◆ WORK ITEM:
The answer is the exact run of lines in the listing below from the line containing "Top 20 collaborative" up to and including the line containing "[9.5.1]--8.5光柵讀數頭(2)#電路知識", with pictures removed.

______

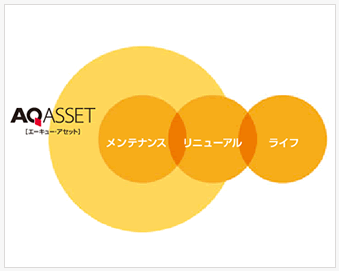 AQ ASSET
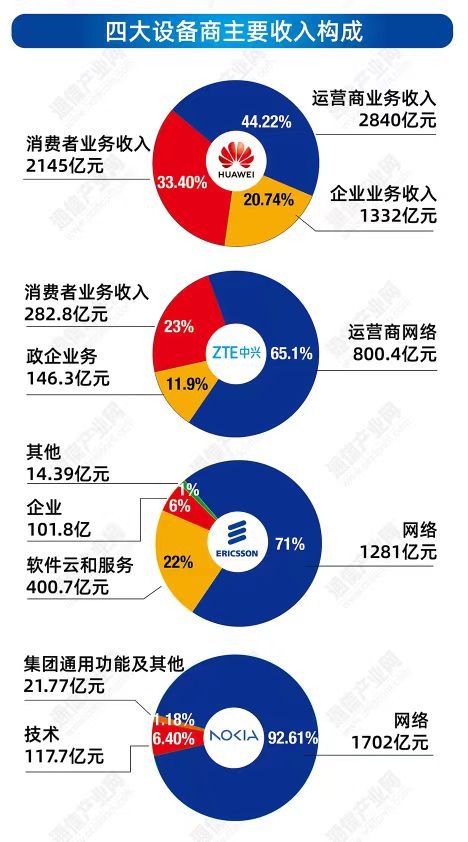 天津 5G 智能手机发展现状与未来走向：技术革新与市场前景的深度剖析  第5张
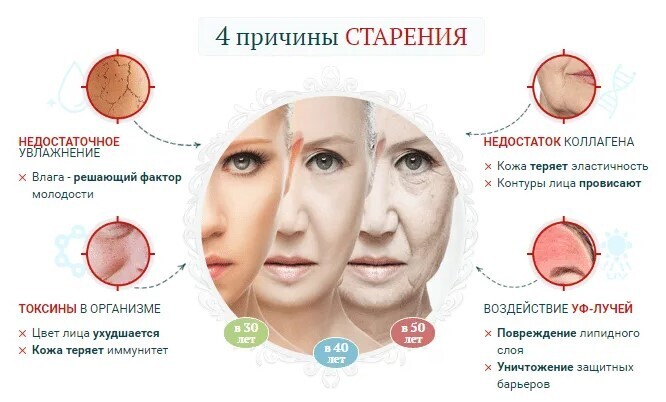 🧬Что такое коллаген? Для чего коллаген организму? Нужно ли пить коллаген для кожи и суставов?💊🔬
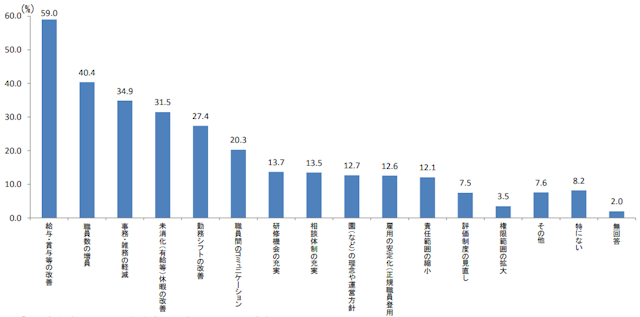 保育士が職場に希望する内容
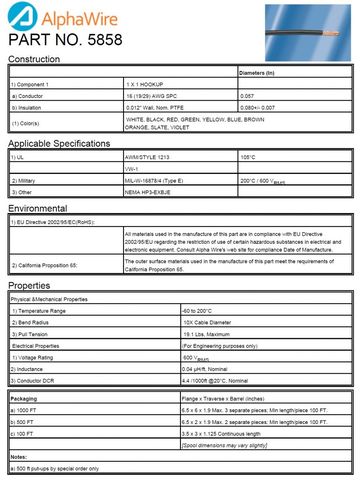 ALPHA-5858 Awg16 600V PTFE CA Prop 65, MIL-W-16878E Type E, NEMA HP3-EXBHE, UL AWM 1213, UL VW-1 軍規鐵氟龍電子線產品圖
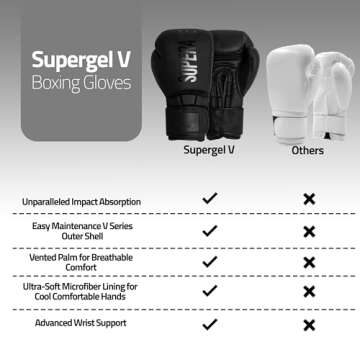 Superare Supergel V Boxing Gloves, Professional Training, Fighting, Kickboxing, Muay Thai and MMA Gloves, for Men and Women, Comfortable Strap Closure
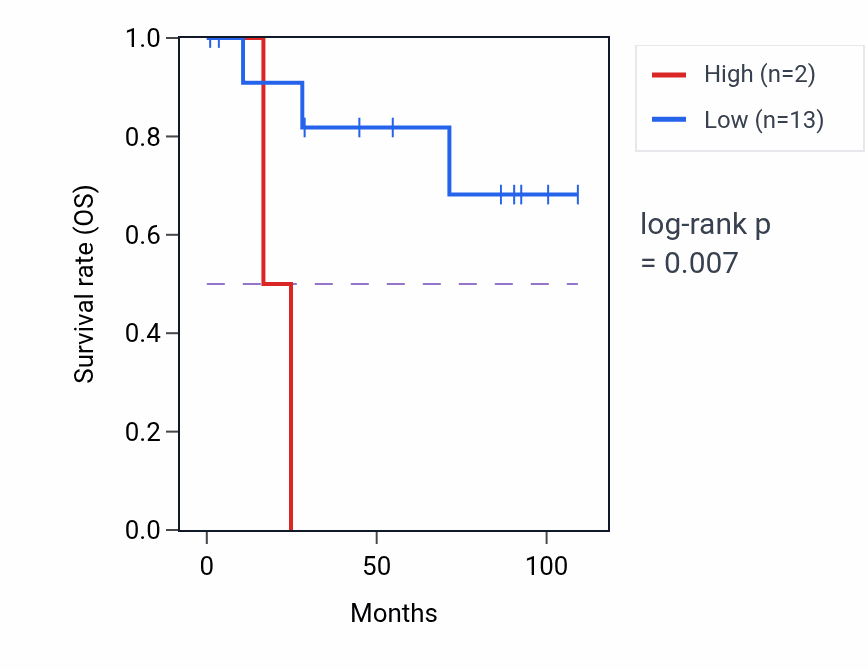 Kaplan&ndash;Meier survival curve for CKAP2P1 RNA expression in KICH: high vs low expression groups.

______

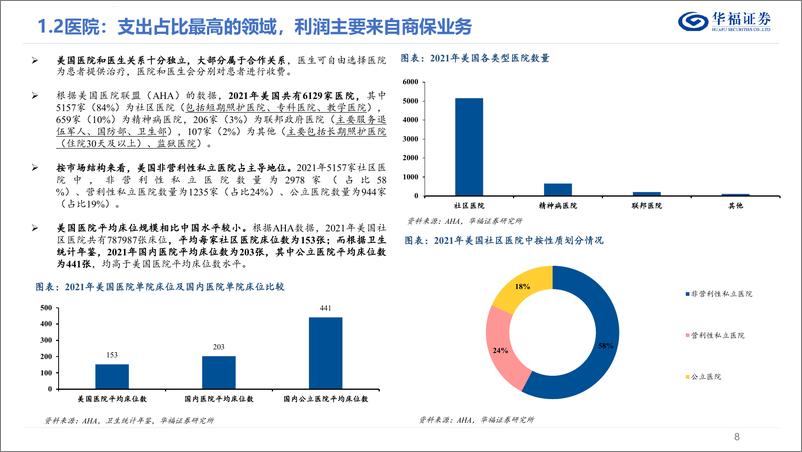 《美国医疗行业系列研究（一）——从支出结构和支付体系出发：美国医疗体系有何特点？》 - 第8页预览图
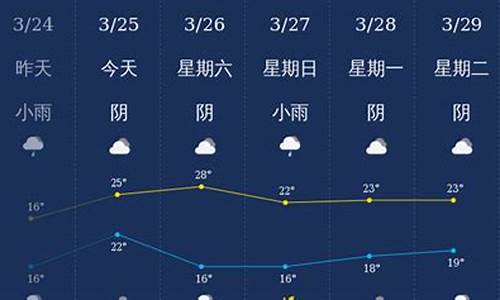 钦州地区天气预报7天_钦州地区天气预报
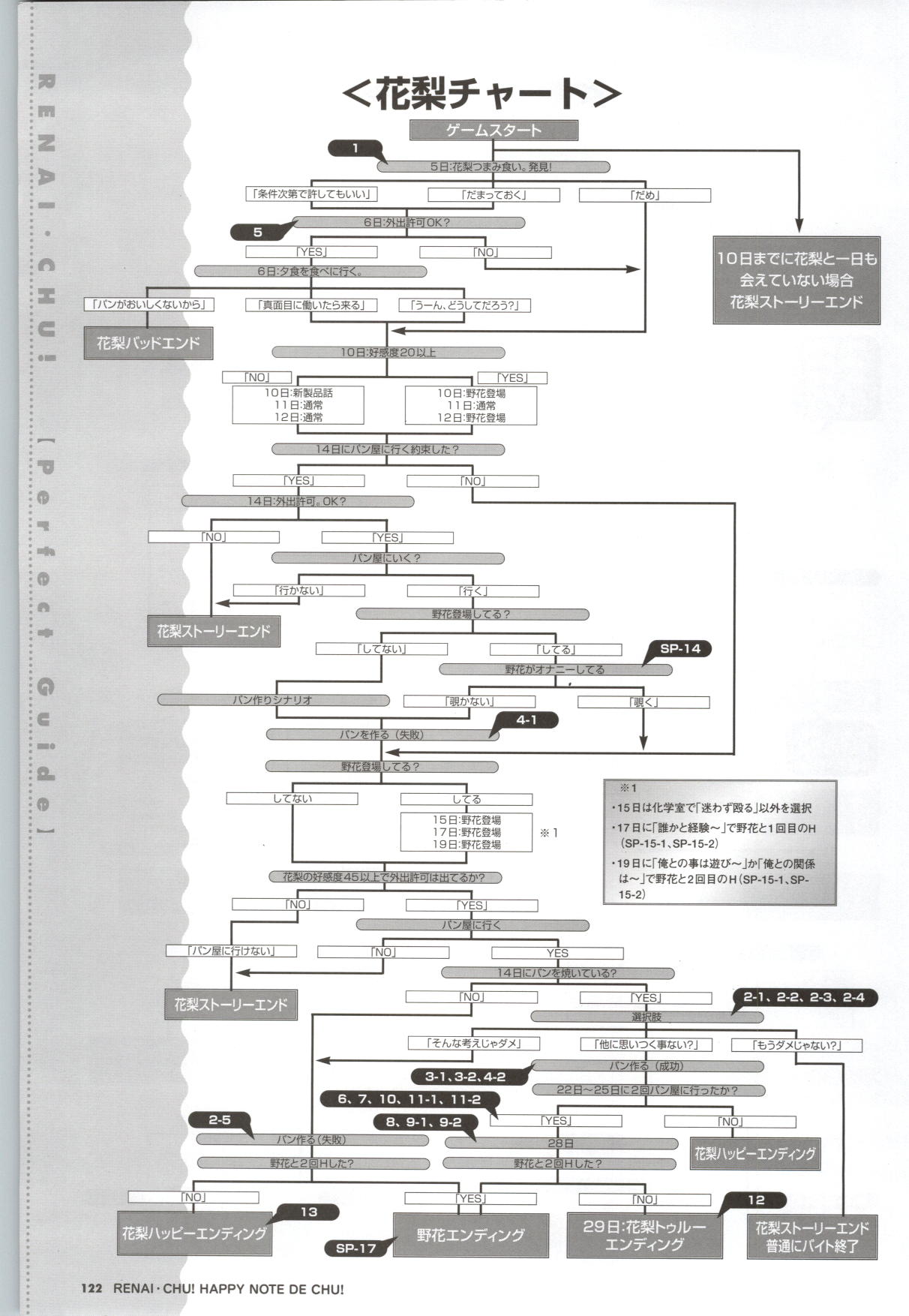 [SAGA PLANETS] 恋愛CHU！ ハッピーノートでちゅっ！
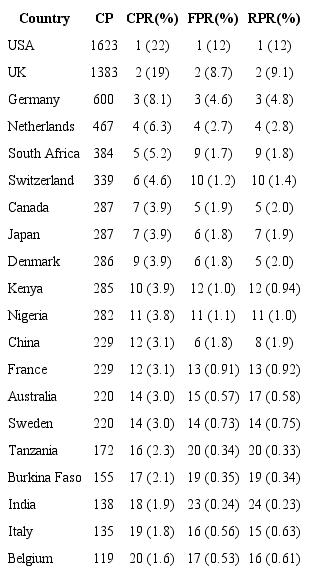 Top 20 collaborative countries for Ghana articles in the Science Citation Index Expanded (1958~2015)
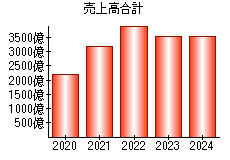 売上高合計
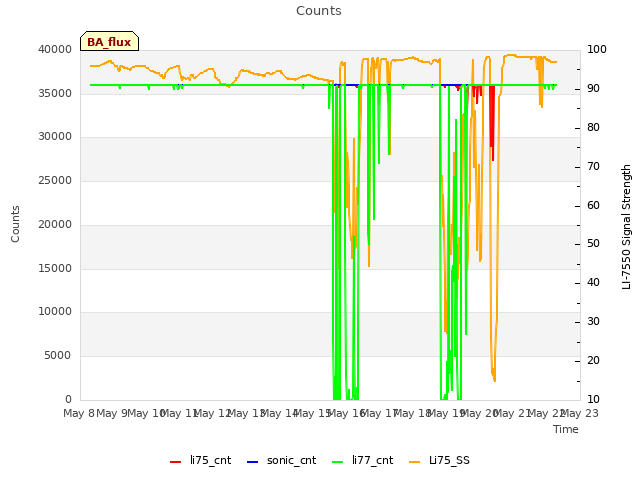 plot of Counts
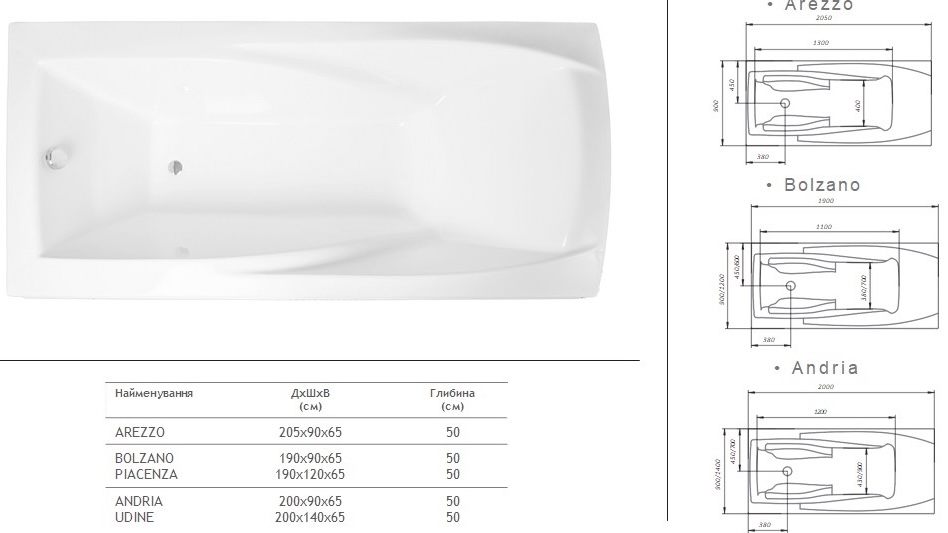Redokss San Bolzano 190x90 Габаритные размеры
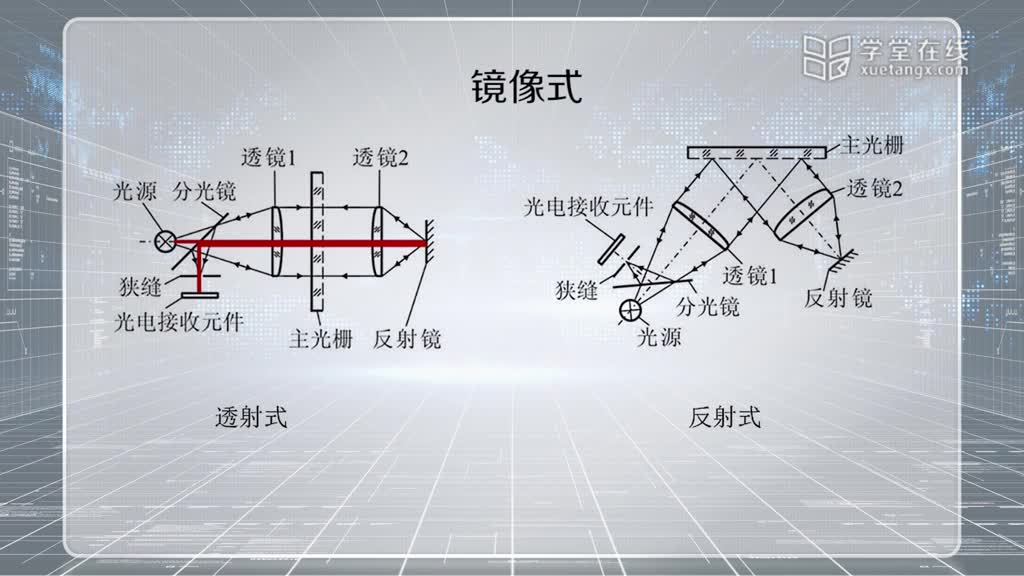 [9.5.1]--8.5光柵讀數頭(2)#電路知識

______

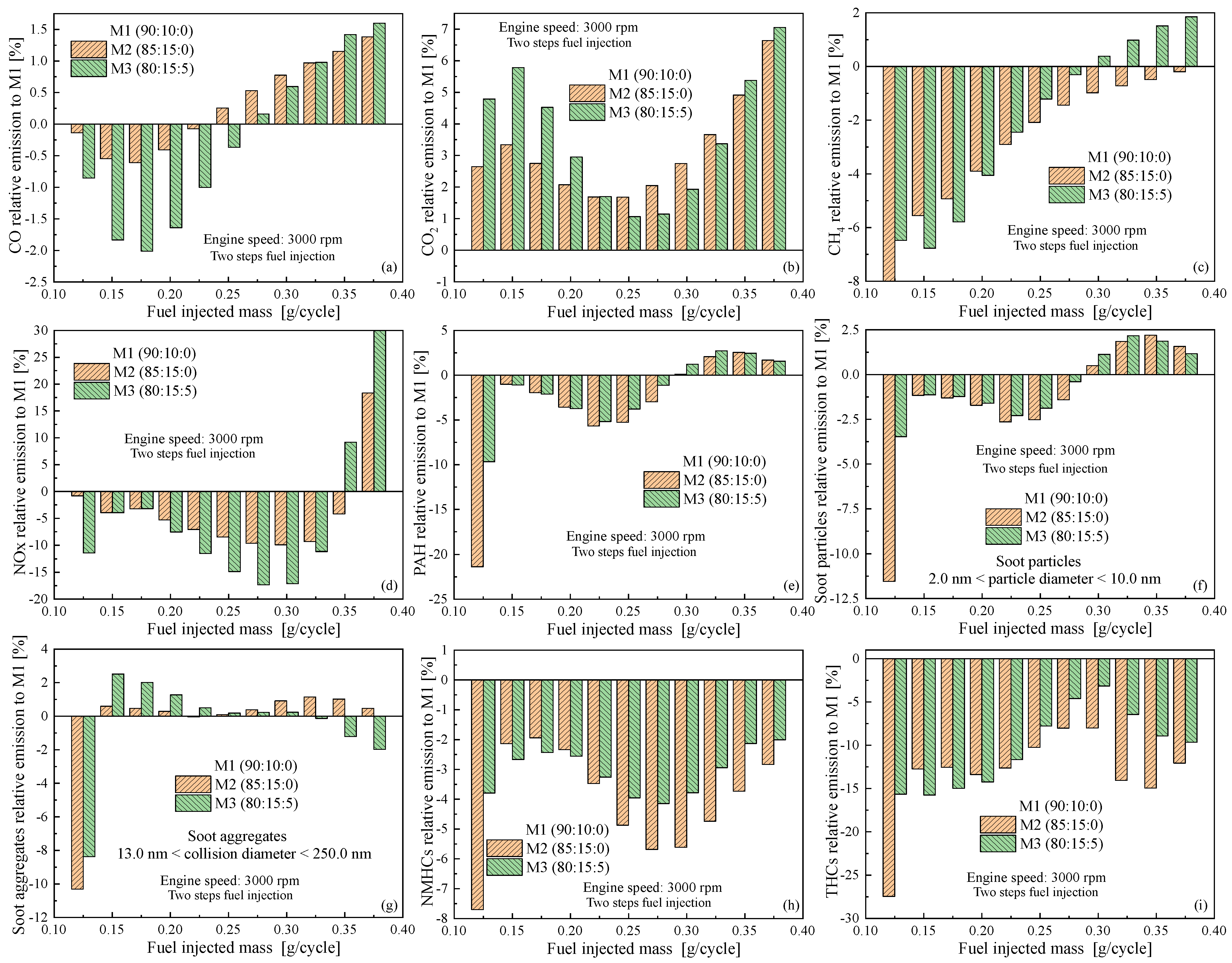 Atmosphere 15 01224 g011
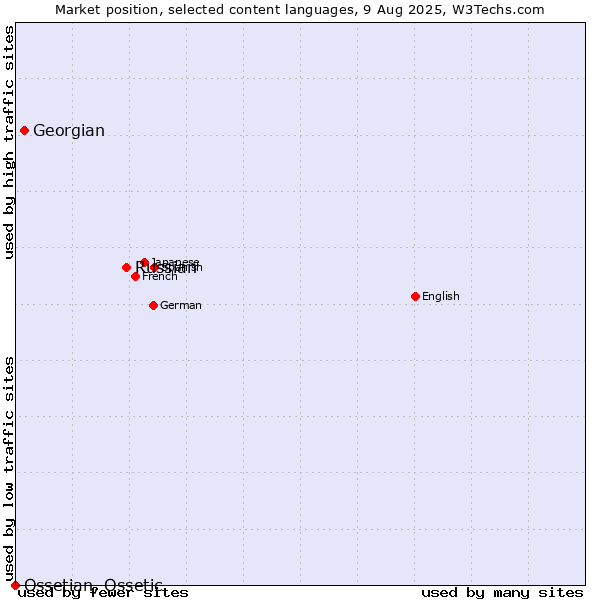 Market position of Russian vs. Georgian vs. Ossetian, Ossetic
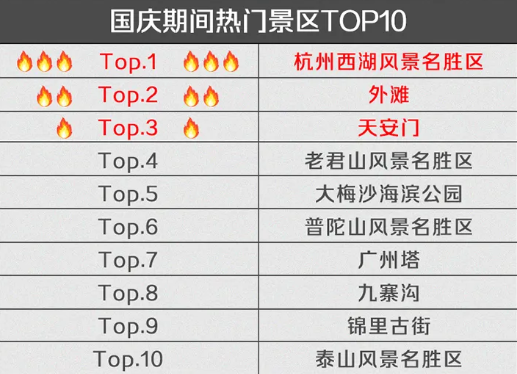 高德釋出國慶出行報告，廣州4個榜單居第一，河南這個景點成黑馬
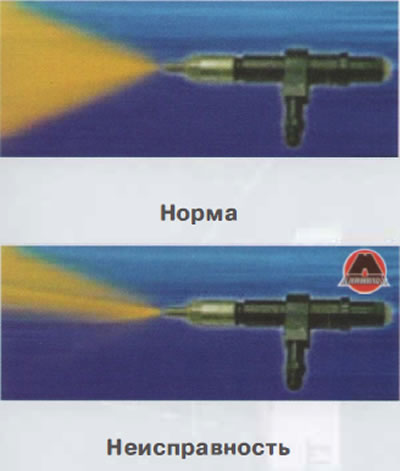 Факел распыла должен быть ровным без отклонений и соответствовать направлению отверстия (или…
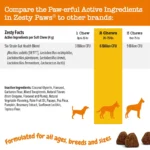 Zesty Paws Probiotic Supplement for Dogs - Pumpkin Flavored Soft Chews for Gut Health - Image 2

______

◆ RESULT FOR THIS TASK:
 Top 20 collaborative countries for Ghana articles in the Science Citation Index Expanded (1958~2015)
 売上高合計
 plot of Counts
Redokss San Bolzano 190x90 Габаритные размеры
 [9.5.1]--8.5光柵讀數頭(2)#電路知識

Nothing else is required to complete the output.